— Problem details —
Please return each entry exactly as it appears, but not the pictures.

(Caption-style text data)
+ + + + + + +
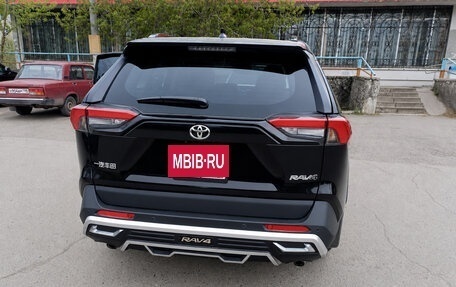 Toyota RAV4, 2025 год, 3 990 000 рублей, 2 фотография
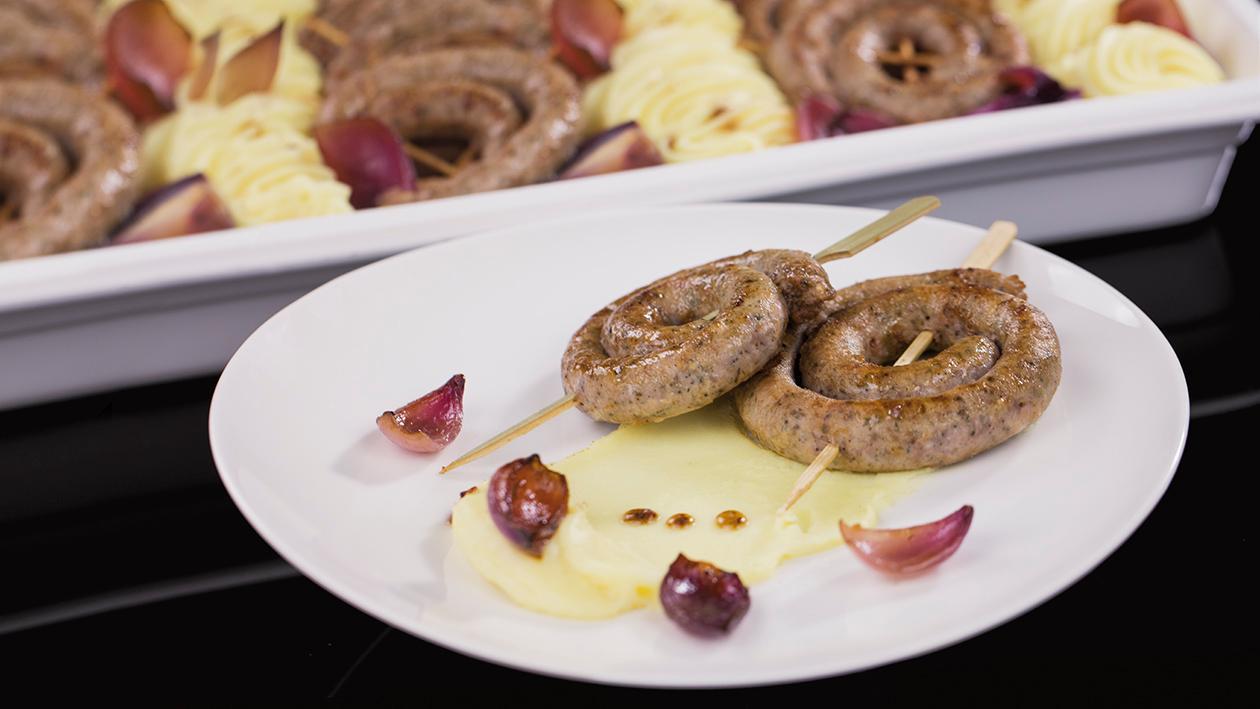 Smażone kiełbaski z puree ziemniaczanym i czerwoną cebulą Smażone kiełbaski z puree ziemniaczanym i czerwoną cebulą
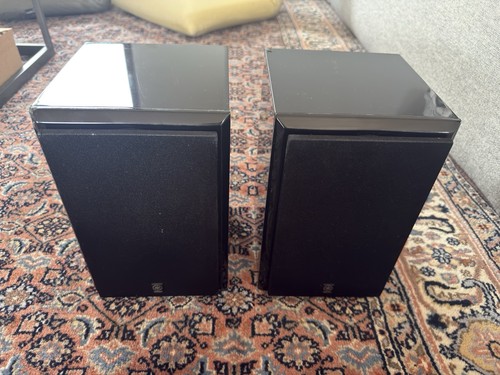 Yamaha e300 - 2x, nx-e300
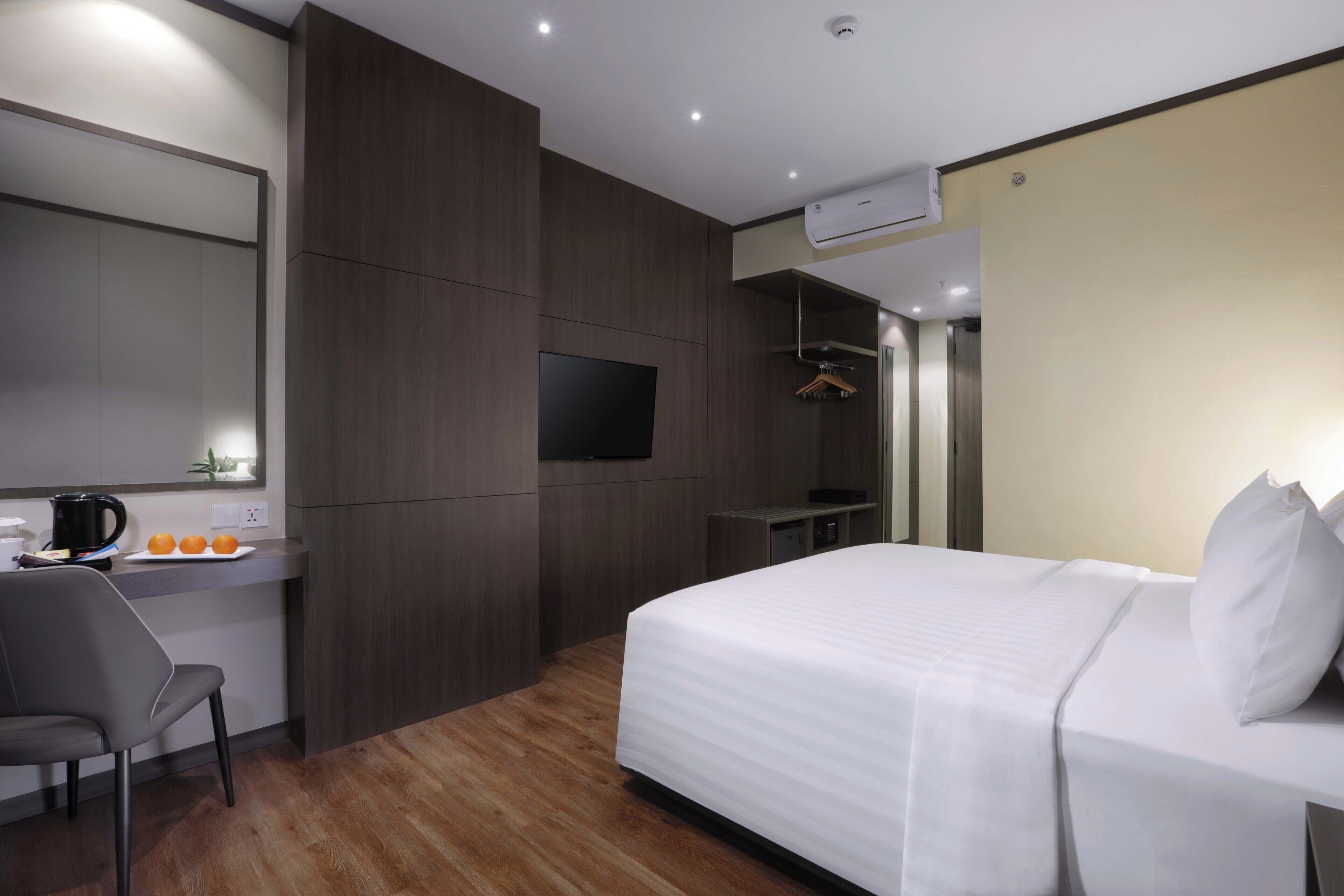 Harper Premier Nagoya Batam
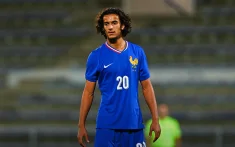 XXL-cheque voor Marokkaans talent Ayyoub Bouaddi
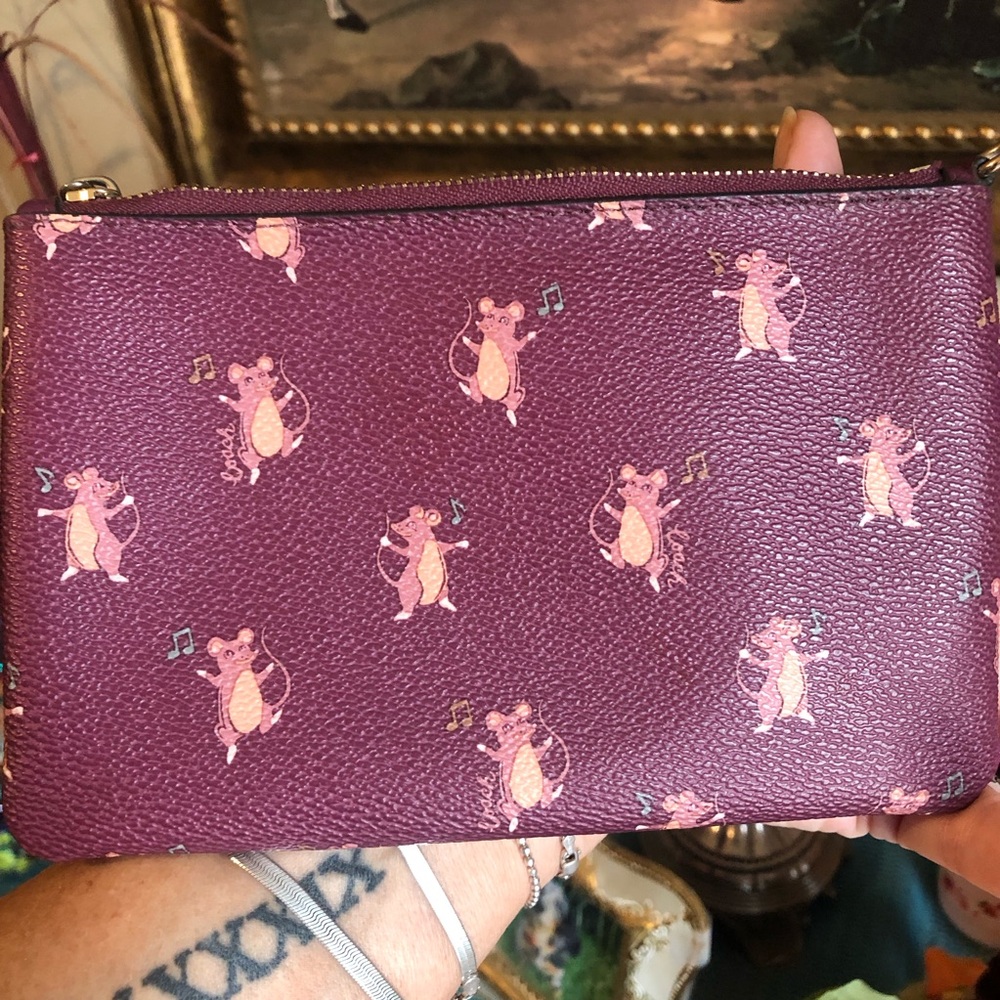 Adorable Authentic Coach Wallet w Little Dancing Mice! Perfect condition. - Picture 4 of 8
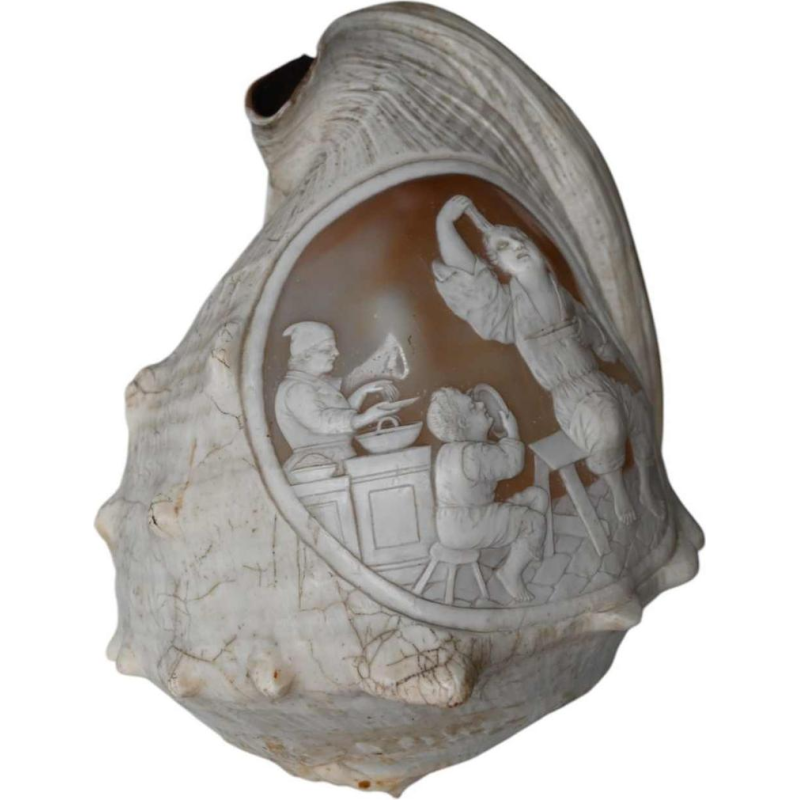 Coquillage avec camée sculpté en relief, 19éme siécle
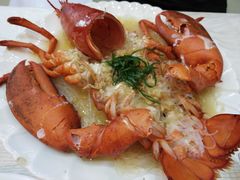 清蒸波斯大龙虾-覃记海鲜美食餐厅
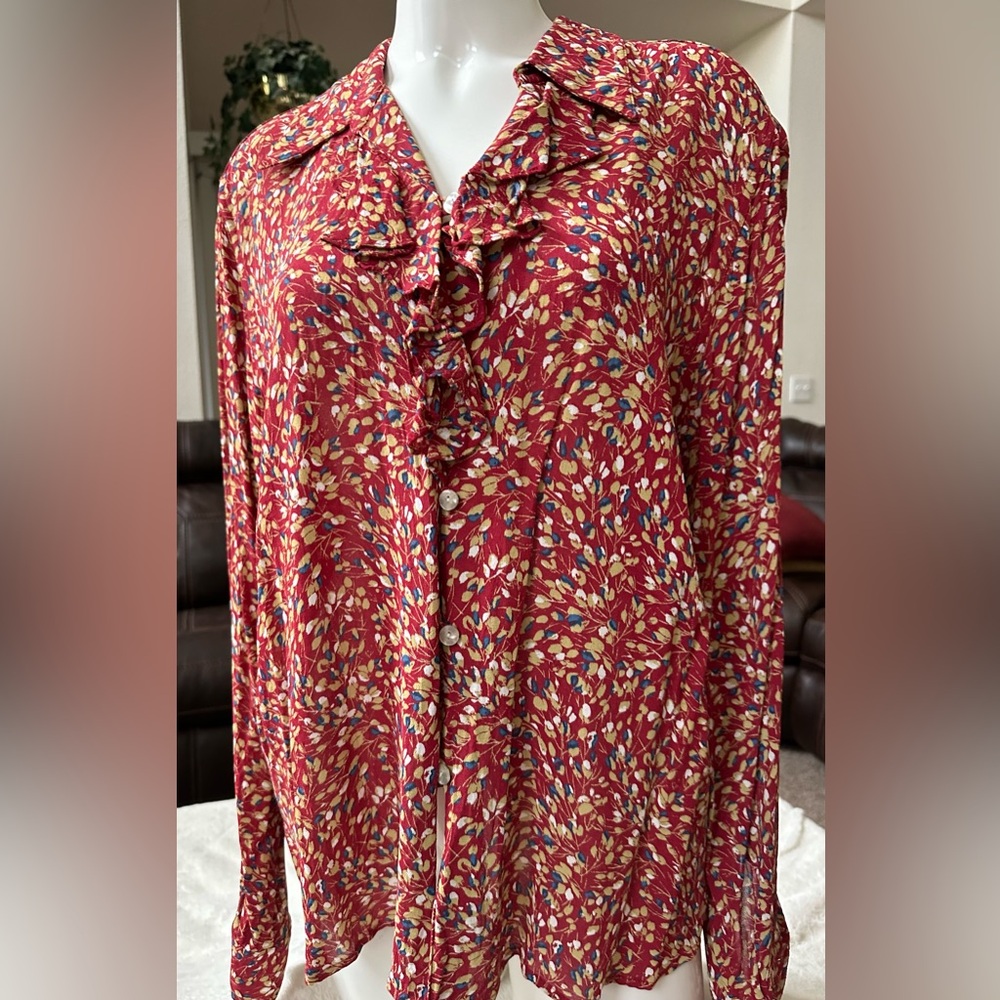 Liz Claiborne, Lizwear long sleeve blouses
+ + + + + + +
— Solution to this problem —
 Toyota RAV4, 2025 год, 3 990 000 рублей, 2 фотография
 Smażone kiełbaski z puree ziemniaczanym i czerwoną cebulą Smażone kiełbaski z puree ziemniaczanym i czerwoną cebulą
 Yamaha e300 - 2x, nx-e300
 Harper Premier Nagoya Batam
 XXL-cheque voor Marokkaans talent Ayyoub Bouaddi
 Adorable Authentic Coach Wallet w Little Dancing Mice! Perfect condition. - Picture 4 of 8
 Coquillage avec camée sculpté en relief, 19éme siécle
 清蒸波斯大龙虾-覃记海鲜美食餐厅
 Liz Claiborne, Lizwear long sleeve blouses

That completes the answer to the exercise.